### Data

-------------------------

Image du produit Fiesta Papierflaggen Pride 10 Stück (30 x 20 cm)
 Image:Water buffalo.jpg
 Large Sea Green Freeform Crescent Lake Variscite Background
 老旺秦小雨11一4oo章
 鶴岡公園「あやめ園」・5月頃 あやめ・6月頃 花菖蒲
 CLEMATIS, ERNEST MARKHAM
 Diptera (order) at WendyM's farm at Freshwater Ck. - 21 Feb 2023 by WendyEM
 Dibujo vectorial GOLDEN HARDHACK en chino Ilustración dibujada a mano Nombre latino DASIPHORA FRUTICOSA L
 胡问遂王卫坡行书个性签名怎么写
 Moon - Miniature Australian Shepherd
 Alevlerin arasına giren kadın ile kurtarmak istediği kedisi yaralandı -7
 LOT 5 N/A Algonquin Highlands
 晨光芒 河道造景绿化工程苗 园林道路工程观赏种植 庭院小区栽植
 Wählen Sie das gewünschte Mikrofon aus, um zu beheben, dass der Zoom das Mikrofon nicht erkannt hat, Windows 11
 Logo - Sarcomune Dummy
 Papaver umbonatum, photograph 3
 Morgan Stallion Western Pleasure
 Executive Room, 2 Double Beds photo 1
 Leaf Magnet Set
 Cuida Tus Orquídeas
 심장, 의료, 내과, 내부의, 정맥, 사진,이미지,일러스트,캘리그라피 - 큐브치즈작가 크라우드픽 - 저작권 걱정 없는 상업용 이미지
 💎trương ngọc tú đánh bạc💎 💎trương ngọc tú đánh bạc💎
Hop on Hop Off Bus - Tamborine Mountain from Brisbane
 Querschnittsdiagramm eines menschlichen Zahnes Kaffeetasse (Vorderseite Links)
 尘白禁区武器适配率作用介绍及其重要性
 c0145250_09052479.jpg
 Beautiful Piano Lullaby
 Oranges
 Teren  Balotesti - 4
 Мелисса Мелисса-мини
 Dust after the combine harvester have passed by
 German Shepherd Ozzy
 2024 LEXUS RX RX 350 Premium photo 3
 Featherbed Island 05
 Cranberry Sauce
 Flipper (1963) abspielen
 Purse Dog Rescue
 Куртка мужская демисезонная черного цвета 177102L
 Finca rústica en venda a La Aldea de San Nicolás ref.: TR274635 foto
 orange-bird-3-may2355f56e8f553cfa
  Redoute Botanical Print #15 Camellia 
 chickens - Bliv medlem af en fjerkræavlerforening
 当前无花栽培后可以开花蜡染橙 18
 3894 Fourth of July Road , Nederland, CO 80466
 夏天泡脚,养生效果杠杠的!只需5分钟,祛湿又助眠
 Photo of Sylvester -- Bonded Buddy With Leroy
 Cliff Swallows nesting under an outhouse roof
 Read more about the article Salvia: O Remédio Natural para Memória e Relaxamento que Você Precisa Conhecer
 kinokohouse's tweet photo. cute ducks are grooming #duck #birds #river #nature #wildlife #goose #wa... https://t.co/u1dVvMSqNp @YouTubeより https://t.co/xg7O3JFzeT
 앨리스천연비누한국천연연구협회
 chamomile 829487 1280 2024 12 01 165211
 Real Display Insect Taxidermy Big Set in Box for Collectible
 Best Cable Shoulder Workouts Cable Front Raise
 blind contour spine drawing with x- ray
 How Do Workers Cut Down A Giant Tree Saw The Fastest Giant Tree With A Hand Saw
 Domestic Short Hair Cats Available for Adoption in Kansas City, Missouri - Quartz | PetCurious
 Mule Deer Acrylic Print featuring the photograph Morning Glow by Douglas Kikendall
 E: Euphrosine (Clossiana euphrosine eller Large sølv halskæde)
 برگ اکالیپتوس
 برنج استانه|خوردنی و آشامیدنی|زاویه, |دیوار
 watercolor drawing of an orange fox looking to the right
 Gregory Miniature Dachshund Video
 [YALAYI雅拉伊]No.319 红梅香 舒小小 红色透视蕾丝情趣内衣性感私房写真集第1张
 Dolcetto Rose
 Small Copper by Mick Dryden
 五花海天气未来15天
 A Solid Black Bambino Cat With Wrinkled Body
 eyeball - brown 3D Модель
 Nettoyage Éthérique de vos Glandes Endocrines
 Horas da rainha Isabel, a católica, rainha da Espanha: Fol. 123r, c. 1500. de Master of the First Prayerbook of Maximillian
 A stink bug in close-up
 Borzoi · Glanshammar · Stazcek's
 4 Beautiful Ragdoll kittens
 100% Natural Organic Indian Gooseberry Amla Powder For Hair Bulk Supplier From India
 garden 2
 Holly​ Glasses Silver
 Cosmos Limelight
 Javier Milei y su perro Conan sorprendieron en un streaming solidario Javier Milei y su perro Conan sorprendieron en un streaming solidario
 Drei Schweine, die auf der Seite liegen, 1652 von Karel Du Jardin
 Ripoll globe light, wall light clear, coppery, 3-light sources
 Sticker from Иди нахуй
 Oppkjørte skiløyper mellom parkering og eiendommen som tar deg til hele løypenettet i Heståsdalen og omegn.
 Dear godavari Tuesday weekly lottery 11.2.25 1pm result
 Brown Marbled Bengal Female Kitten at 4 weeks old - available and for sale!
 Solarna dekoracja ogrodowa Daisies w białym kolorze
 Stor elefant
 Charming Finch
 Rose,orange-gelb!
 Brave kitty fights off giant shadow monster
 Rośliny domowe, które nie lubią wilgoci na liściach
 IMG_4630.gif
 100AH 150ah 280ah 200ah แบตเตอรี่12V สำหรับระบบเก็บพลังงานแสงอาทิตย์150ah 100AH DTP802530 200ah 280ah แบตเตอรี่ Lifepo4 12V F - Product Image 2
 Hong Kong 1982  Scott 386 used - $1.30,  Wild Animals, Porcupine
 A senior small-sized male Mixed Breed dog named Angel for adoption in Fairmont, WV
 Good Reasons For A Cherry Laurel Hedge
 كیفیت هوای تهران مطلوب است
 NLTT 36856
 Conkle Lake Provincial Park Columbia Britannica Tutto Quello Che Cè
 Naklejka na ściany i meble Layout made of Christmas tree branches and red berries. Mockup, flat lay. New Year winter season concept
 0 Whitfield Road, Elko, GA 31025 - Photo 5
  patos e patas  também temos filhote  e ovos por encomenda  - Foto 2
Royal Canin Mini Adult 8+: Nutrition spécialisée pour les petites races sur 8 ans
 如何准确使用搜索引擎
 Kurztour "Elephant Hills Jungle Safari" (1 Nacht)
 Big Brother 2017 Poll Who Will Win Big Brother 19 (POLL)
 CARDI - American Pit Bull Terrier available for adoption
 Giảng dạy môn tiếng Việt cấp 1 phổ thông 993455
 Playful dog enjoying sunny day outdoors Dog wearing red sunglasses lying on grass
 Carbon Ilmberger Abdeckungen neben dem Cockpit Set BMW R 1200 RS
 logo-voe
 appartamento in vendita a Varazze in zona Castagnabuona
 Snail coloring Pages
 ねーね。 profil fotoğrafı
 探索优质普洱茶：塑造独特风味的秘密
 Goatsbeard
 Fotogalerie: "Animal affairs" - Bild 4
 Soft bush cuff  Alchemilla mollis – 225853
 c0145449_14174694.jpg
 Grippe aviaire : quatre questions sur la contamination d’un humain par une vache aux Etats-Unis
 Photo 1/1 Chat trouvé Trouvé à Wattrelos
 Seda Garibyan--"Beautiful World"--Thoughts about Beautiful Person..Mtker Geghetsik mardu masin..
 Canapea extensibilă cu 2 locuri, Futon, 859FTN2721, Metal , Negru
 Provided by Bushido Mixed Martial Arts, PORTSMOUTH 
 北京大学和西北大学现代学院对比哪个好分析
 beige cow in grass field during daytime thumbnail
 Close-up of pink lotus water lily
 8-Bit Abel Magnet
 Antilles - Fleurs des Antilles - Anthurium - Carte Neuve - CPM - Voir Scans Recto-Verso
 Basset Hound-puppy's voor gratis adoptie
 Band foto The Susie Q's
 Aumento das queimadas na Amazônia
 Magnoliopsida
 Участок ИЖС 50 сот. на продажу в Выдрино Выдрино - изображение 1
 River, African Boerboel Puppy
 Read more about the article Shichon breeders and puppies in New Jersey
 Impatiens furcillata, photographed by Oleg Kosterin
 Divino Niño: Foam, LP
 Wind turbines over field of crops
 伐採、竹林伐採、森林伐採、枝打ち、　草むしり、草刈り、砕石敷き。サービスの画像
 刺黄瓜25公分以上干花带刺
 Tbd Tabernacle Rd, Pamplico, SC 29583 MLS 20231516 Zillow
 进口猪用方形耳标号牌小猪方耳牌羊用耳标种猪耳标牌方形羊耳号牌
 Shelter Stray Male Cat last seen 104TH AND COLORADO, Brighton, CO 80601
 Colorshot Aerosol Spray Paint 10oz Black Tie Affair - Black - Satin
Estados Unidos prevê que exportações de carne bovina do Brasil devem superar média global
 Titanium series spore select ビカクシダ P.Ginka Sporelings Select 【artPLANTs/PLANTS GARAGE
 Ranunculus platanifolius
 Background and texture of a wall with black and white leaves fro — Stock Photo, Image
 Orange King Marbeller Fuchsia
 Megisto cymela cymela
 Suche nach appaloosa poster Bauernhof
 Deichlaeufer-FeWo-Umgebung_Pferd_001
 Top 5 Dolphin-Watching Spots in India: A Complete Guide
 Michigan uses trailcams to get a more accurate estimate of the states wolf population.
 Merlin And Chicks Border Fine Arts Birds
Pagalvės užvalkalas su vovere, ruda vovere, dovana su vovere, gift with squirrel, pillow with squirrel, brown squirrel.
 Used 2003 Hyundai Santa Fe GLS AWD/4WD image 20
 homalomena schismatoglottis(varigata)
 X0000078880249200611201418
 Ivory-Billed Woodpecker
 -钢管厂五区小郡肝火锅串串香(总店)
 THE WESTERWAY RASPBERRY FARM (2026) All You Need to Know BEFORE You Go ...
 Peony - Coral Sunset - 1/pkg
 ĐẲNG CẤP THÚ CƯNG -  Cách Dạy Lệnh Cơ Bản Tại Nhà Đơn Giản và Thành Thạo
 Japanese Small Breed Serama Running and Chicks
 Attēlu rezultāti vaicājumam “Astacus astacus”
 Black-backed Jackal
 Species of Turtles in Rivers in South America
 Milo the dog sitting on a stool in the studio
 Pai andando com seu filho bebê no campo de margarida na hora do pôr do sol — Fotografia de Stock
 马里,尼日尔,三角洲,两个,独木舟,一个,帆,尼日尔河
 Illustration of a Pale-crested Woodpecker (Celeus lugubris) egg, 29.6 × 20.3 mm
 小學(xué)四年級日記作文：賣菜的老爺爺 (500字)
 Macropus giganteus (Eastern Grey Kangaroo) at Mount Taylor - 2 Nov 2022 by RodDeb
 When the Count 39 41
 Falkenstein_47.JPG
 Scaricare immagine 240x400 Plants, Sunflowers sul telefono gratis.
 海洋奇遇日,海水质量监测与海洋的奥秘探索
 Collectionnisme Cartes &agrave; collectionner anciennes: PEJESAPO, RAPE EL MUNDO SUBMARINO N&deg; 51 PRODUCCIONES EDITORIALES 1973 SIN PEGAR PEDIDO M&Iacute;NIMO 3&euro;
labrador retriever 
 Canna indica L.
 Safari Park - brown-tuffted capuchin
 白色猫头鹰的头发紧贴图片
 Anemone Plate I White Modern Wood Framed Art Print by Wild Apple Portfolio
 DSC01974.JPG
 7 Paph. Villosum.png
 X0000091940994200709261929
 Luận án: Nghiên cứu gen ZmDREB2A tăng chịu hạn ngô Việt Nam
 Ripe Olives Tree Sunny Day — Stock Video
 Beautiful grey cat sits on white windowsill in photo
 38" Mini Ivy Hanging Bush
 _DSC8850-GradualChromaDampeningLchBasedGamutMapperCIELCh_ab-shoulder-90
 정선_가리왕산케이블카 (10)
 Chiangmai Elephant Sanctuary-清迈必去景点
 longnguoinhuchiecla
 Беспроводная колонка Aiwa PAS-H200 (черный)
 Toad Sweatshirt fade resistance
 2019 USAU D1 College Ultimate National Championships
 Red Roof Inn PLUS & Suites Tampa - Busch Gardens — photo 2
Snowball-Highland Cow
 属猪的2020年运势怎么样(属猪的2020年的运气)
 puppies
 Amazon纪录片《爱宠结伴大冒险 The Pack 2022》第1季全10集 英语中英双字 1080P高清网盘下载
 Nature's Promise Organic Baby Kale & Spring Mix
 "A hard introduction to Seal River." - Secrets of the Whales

-------------------------

### Required work
An exact copy of the lines above, from the one containing "Naklejka na ściany" through the one containing "Shelter Stray Male", is the whole of the answer.

### Exercise response
 Naklejka na ściany i meble Layout made of Christmas tree branches and red berries. Mockup, flat lay. New Year winter season concept
 0 Whitfield Road, Elko, GA 31025 - Photo 5
  patos e patas  também temos filhote  e ovos por encomenda  - Foto 2
Royal Canin Mini Adult 8+: Nutrition spécialisée pour les petites races sur 8 ans
 如何准确使用搜索引擎
 Kurztour "Elephant Hills Jungle Safari" (1 Nacht)
 Big Brother 2017 Poll Who Will Win Big Brother 19 (POLL)
 CARDI - American Pit Bull Terrier available for adoption
 Giảng dạy môn tiếng Việt cấp 1 phổ thông 993455
 Playful dog enjoying sunny day outdoors Dog wearing red sunglasses lying on grass
 Carbon Ilmberger Abdeckungen neben dem Cockpit Set BMW R 1200 RS
 logo-voe
 appartamento in vendita a Varazze in zona Castagnabuona
 Snail coloring Pages
 ねーね。 profil fotoğrafı
 探索优质普洱茶：塑造独特风味的秘密
 Goatsbeard
 Fotogalerie: "Animal affairs" - Bild 4
 Soft bush cuff  Alchemilla mollis – 225853
 c0145449_14174694.jpg
 Grippe aviaire : quatre questions sur la contamination d’un humain par une vache aux Etats-Unis
 Photo 1/1 Chat trouvé Trouvé à Wattrelos
 Seda Garibyan--"Beautiful World"--Thoughts about Beautiful Person..Mtker Geghetsik mardu masin..
 Canapea extensibilă cu 2 locuri, Futon, 859FTN2721, Metal , Negru
 Provided by Bushido Mixed Martial Arts, PORTSMOUTH 
 北京大学和西北大学现代学院对比哪个好分析
 beige cow in grass field during daytime thumbnail
 Close-up of pink lotus water lily
 8-Bit Abel Magnet
 Antilles - Fleurs des Antilles - Anthurium - Carte Neuve - CPM - Voir Scans Recto-Verso
 Basset Hound-puppy's voor gratis adoptie
 Band foto The Susie Q's
 Aumento das queimadas na Amazônia
 Magnoliopsida
 Участок ИЖС 50 сот. на продажу в Выдрино Выдрино - изображение 1
 River, African Boerboel Puppy
 Read more about the article Shichon breeders and puppies in New Jersey
 Impatiens furcillata, photographed by Oleg Kosterin
 Divino Niño: Foam, LP
 Wind turbines over field of crops
 伐採、竹林伐採、森林伐採、枝打ち、　草むしり、草刈り、砕石敷き。サービスの画像
 刺黄瓜25公分以上干花带刺
 Tbd Tabernacle Rd, Pamplico, SC 29583 MLS 20231516 Zillow
 进口猪用方形耳标号牌小猪方耳牌羊用耳标种猪耳标牌方形羊耳号牌
 Shelter Stray Male Cat last seen 104TH AND COLORADO, Brighton, CO 80601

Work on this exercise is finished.